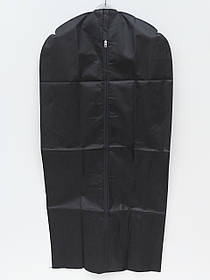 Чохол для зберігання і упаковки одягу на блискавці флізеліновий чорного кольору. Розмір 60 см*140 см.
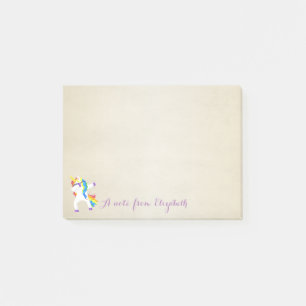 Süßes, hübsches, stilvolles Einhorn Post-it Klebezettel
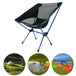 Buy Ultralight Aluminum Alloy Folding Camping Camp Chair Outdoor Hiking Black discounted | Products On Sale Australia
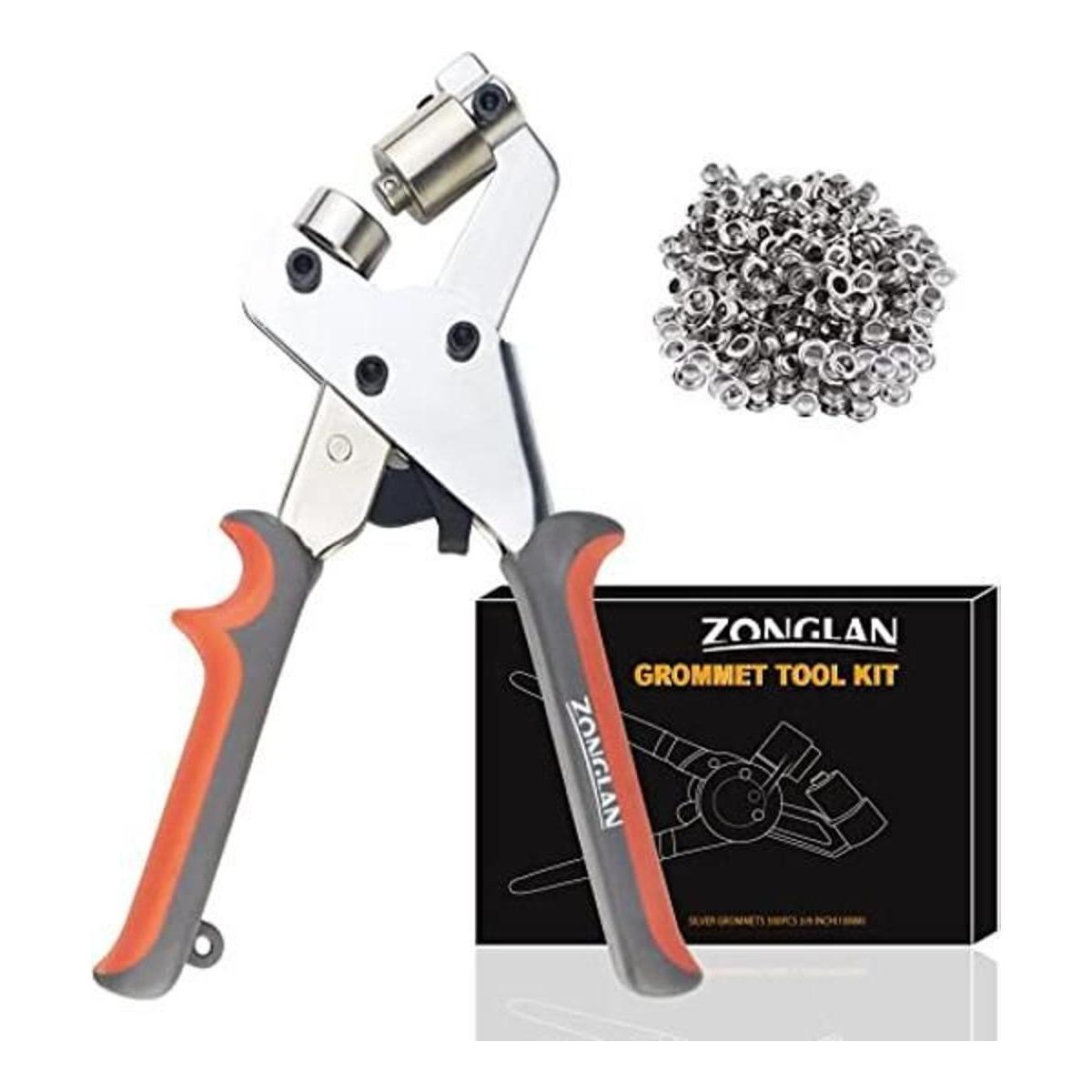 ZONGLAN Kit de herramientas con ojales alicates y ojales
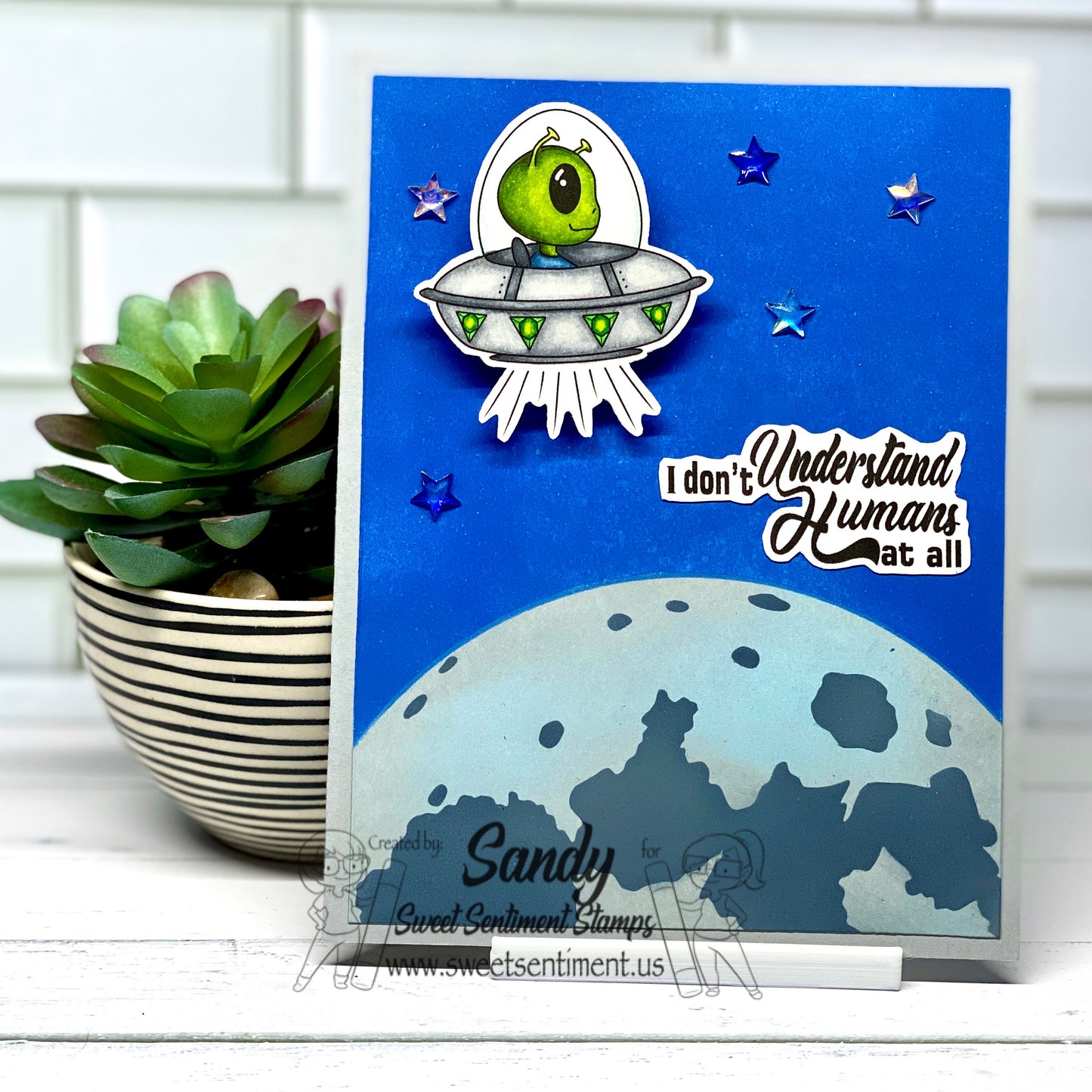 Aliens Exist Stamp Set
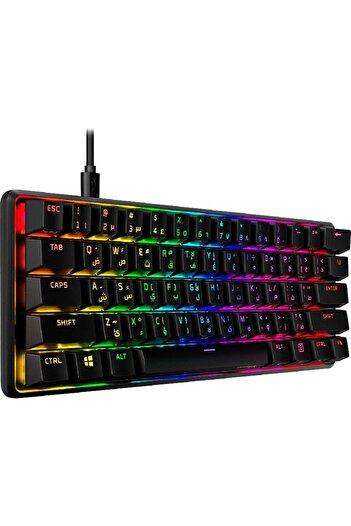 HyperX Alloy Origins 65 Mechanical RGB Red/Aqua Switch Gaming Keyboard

Task instructions. Repeat all the material above exactly, apart from the pictures.

Task response.
 Чохол для зберігання і упаковки одягу на блискавці флізеліновий чорного кольору. Розмір 60 см*140 см.
 Süßes, hübsches, stilvolles Einhorn Post-it Klebezettel
 Buy Ultralight Aluminum Alloy Folding Camping Camp Chair Outdoor Hiking Black discounted | Products On Sale Australia
 ZONGLAN Kit de herramientas con ojales alicates y ojales
 Aliens Exist Stamp Set
 HyperX Alloy Origins 65 Mechanical RGB Red/Aqua Switch Gaming Keyboard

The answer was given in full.